In November 2011, the UK government gave just six weeks’ notice that feed-in tariffs for domestic solar installations would be cut by 50%. The process is so accelerated that the new tariff rates will be in effect before the consultation period on them has closed. The government also shortened the closing date for applications to the feed-in tariff scheme from April 2012 to December 2011. The government opted for this dramatic approach because they hoped to avoid the kind of installation dash followed by a catastrophic drop in demand seen in other European markets when tariff reduction deadlines were more gradual.

“My priority is to put the solar industry on a firm footing so that it can remain a successful and prosperous part of the green economy, and so that it doesn’t fall victim to boom and bust,” said UK Climate Change and Energy Minister Greg Barker.

“The plummeting costs of solar mean we’ve got no option but to act so that we stay within budget and not threaten the whole viability of the FIT scheme.” According to Barker, the costs of the average PV installation dropped by over US$6,300 (about 30%) between April 2010 and November 2011. Barker noted that if the government took no action, solar feed-in tariffs could cost consumers more than US$1.5 billion by 2014-2015.

Cloudy Conditions

By global standards, the UK tariffs remain pretty generous. Installations of up to 4kW received a tariff of around 70 US cents per kWh under the old feed-in tariff scheme. Since the scheme's introduction in 2010, 100,000 households have installed panels, adding around 400 MW of generating capacity.

The new feed-in tariff will be 35 US cents per kWh. The financial return on the investment falls from around 12% to between 4.5% and 7%. The level of tariff required to provide UK domestic households with a good return from their investment in solar panels has led some to question whether solar is the best renewable energy investment for the UK government. London’s annual solar insolation rate averages 2.61 kWh/m2/day. Madrid, by contrast, has an average of 4.62 kWh/m2/day.
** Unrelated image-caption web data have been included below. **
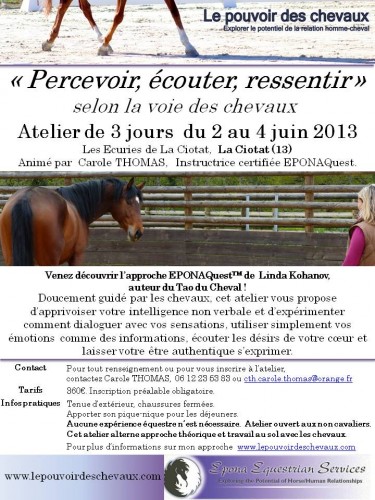 Flyer Atelier Percevoir La Ciotat 2 juin 2013 b.jpg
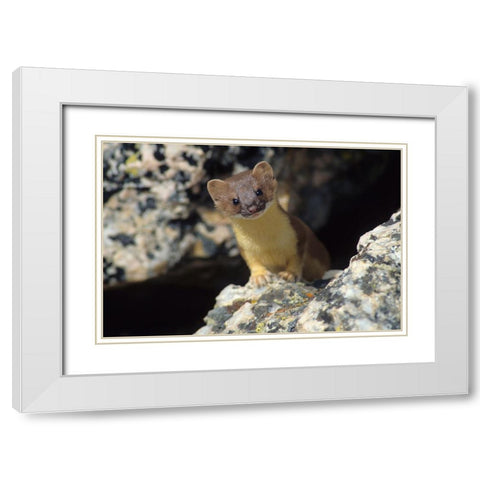 Short-tailed weasel White Modern Wood Framed Art Print with Double Matting by Archer, Ken
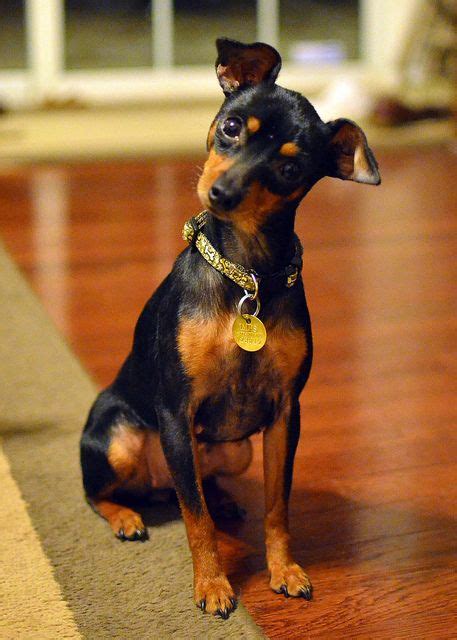 43 Best Miniature Pinscher Dog Art Portraits Photographs Information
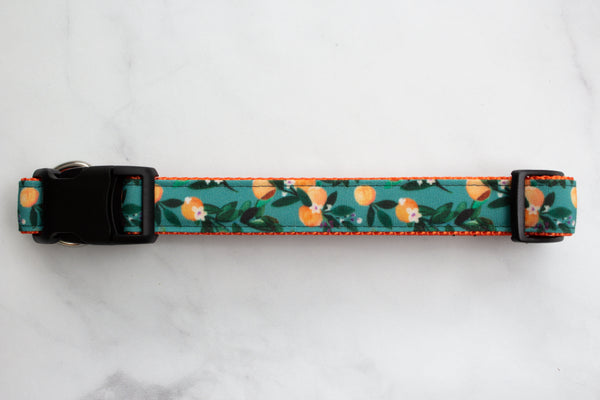 Teal Oranges Canvas Dog Collar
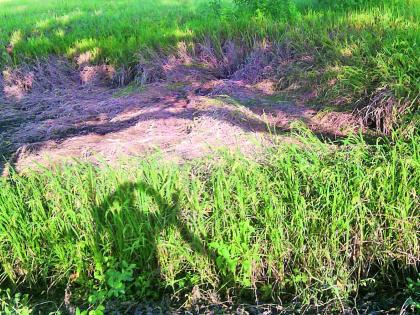 Extract of vertical rice paddy | उभ्या धानपिकाची होतोय तणस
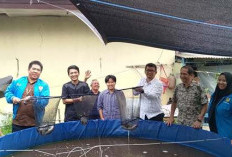 KNPI Kota Cirebon Panen Perdana Lele, Dorong Pemuda Lebih Produktif dan Mandiri
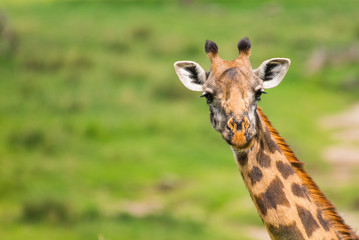 Beautiful giraffe's head on green background with copy space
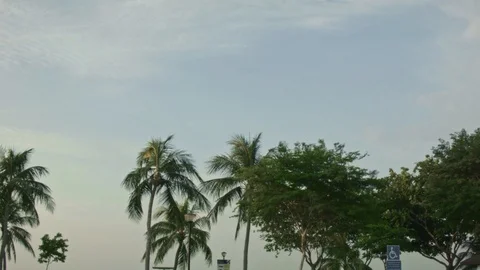 Landing plane 4k 스톡 동영상 104110985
Another avenue the UK government is exploring would make eligibility for the feed-in tariff payments dependent on houses meeting new energy performance standards. Energy efficiency is arguably a better investment for emissions reduction in UK conditions than domestic solar installations. Should energy performance become a pre-qualification for the award of PV feed-in tariff , many households might have to spend up to US$8,000 on roof and wall insulation, boiler replacement and other measures before they qualify.